Yumuşak fibroma gözeli dokudan meydana gelir; yuvarlak ya da polip biçimlidir. Rengi beyazdır. Hacmi genellikle büyük boyutlara ulaşabilir. Dayanıklılığı oldukça azdır.
Gerek sert, gerekse yumuşak fibroma genellikle vücutta ağrı yapmaz. Bununla birlikte yukarıda belirtilen fibromalara tek başlarına çok seyrek rastlanır. Çünkü çoğu kez fibromalı doku, başka urlu dokularla birleşerek karışık urlar meydana getirir. Bunlardan en önemlileri, fibromiyom, fibromiksom, fibrolipon, fibroadenom ve fibrosarkomdur. Bunlardan ilk dördü tehlikesiz, sonuncusu ise tehlikeli bir urdur. Bu urlarda fibromlu bileşimden başka sırası ile miyom, miksom, lipom, adenom ve sarkom vardır. Bunların en yaygını fibromiyomdur. Gerek saf halde, gerekse karışık urlarla birleşmiş halde fibromlar daha çok dölyatağı, mide, bağırsak, beyin ve deri gibi organlarda yerleşirler.

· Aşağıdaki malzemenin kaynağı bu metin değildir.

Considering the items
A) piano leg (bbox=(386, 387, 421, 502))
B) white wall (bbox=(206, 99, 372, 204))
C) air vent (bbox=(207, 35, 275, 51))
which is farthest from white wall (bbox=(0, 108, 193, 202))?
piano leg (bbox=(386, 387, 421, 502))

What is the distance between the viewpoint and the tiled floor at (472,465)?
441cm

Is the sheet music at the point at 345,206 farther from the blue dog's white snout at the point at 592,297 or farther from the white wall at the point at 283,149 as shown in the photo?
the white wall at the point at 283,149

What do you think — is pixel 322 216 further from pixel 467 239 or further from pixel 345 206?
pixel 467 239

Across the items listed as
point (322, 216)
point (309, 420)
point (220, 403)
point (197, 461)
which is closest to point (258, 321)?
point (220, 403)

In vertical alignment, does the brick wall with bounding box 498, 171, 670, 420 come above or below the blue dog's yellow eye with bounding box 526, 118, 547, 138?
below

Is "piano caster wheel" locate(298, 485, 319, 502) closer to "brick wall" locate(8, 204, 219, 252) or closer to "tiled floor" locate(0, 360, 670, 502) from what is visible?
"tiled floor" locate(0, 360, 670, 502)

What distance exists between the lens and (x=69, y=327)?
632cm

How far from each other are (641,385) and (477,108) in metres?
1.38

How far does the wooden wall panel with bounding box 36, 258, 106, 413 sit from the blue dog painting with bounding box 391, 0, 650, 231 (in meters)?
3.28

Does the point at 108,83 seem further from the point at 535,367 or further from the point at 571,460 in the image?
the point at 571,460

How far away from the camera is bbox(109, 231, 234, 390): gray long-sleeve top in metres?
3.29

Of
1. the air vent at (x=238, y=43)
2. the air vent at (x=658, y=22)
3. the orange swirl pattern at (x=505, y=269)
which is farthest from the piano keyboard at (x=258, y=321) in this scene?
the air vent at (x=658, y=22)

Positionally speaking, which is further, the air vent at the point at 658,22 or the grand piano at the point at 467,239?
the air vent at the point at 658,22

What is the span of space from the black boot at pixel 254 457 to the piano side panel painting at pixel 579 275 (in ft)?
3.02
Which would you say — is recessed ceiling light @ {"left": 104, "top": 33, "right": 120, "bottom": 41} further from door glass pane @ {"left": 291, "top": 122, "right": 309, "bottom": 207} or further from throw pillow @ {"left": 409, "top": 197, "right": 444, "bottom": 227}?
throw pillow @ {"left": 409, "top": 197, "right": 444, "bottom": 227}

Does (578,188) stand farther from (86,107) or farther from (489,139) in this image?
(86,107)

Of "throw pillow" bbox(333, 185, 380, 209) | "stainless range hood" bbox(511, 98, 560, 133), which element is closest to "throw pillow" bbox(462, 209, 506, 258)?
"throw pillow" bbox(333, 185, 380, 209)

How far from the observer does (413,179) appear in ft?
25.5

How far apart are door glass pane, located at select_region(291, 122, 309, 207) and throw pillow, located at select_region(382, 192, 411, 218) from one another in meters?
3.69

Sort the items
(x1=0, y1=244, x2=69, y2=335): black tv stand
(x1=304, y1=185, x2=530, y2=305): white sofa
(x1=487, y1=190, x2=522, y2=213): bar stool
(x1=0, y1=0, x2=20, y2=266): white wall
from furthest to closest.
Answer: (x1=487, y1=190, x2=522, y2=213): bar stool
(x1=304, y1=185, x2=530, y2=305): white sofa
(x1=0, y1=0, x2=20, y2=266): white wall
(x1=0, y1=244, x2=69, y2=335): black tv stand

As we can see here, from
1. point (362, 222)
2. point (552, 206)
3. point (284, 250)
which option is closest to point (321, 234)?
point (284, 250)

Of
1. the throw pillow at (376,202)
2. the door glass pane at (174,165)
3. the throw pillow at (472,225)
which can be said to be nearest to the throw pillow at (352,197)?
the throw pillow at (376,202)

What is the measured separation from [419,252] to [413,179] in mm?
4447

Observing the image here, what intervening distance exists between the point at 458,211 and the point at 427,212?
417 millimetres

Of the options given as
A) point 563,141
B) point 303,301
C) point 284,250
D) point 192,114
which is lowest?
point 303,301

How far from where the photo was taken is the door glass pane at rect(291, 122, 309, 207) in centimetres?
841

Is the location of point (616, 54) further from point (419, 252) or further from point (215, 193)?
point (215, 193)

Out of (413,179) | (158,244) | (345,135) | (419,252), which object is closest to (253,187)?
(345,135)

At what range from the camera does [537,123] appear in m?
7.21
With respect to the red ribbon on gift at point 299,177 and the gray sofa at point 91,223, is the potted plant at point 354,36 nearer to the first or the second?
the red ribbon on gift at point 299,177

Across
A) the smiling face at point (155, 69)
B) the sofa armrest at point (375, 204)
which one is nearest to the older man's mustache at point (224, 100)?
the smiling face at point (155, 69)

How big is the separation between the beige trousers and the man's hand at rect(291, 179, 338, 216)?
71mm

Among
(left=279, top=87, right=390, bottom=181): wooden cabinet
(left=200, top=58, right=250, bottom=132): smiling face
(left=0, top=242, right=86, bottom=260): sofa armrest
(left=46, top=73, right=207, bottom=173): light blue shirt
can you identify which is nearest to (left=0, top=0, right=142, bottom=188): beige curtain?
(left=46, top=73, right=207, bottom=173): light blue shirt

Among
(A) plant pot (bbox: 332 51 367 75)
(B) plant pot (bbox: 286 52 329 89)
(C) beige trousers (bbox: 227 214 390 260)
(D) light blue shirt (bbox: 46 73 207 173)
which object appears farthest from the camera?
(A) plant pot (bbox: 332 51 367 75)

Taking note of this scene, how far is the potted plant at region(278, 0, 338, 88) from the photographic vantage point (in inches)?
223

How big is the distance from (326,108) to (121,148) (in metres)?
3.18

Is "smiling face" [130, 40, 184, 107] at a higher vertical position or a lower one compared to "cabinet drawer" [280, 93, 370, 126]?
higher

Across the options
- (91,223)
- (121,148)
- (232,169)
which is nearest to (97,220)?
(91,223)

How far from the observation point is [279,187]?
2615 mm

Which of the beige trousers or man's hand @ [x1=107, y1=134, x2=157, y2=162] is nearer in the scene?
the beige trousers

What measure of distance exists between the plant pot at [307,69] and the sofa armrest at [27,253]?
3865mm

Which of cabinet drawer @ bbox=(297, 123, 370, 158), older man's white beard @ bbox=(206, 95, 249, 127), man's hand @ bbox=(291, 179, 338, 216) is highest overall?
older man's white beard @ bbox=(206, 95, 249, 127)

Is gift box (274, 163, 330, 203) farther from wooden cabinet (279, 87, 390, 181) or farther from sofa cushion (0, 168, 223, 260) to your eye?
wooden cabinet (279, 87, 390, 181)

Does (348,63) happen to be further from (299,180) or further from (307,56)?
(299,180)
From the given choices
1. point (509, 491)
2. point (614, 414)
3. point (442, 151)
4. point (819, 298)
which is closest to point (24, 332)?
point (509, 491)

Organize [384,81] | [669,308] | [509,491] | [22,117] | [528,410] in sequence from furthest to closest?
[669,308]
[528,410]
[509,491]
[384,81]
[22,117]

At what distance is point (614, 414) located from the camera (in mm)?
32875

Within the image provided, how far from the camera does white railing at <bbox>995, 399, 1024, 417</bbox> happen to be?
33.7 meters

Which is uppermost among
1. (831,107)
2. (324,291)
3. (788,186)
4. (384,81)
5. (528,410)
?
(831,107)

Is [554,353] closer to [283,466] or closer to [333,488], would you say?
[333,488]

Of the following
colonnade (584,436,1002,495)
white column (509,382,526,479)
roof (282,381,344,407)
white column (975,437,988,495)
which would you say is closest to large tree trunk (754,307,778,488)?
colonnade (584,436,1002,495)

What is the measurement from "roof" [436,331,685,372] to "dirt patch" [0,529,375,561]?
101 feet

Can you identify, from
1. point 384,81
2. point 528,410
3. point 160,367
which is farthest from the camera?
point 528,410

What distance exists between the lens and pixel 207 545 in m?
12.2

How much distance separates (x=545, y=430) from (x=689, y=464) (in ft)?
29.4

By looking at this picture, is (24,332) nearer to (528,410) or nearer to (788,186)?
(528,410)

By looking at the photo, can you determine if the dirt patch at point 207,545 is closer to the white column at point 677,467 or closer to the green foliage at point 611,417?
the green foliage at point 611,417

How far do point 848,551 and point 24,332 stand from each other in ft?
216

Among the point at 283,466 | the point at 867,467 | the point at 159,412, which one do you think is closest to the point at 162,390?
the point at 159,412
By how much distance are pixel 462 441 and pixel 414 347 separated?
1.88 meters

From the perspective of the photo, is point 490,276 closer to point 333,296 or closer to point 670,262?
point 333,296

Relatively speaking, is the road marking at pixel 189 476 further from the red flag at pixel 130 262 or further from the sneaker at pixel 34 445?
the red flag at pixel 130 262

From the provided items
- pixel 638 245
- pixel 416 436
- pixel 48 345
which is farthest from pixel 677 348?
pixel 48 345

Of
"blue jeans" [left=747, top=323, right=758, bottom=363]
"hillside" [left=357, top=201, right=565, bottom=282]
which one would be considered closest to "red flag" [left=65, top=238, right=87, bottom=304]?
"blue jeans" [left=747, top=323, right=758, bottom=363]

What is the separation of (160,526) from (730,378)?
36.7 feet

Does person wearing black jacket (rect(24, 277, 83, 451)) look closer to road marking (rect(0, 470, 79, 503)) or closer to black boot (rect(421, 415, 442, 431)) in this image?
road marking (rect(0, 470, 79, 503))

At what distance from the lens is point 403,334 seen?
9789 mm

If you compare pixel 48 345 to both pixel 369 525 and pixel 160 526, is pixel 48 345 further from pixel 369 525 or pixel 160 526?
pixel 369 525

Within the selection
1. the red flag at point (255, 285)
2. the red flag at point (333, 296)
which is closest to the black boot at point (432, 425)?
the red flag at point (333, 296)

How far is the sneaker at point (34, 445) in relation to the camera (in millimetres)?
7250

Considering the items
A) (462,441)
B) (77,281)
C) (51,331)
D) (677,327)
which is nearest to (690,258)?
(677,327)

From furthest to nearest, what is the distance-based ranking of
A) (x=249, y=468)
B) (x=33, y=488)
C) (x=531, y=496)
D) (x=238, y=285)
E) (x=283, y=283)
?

Fibrosarkom dışındaki tehlikesiz urlar çok yavaş bir gelişme gösterirler. Tehlikeli urlarda görülen ağır genel yozlaşma haline yol açmazlar. Bununla birlikte saf ve bileşik fibromalar yerleştikleri bazı organlarda birtakım önemli yerel rahatsızlıklara sebep olabilirler. Örneğin dölyatağı fibromiyomunda sık sık tekrarlayan oldukça şiddetli kanamalar görülür. Bu kanamalar kısırlığa ya da düşüklere yol açabilirler. Bağırsak çeperleri fibromasında ise bağırsak borusunda daralmalar görülür.
Tedavi genellikle cerrahi girişimlere dayanır. Bu girişimlerle ur kütlesinin tümü ile ve geriye hiç bir ur doku bırakmadan alınması gerekir; geride bırakılacak ur parçaları, urun yeniden çoğalmasına yol açabilirler.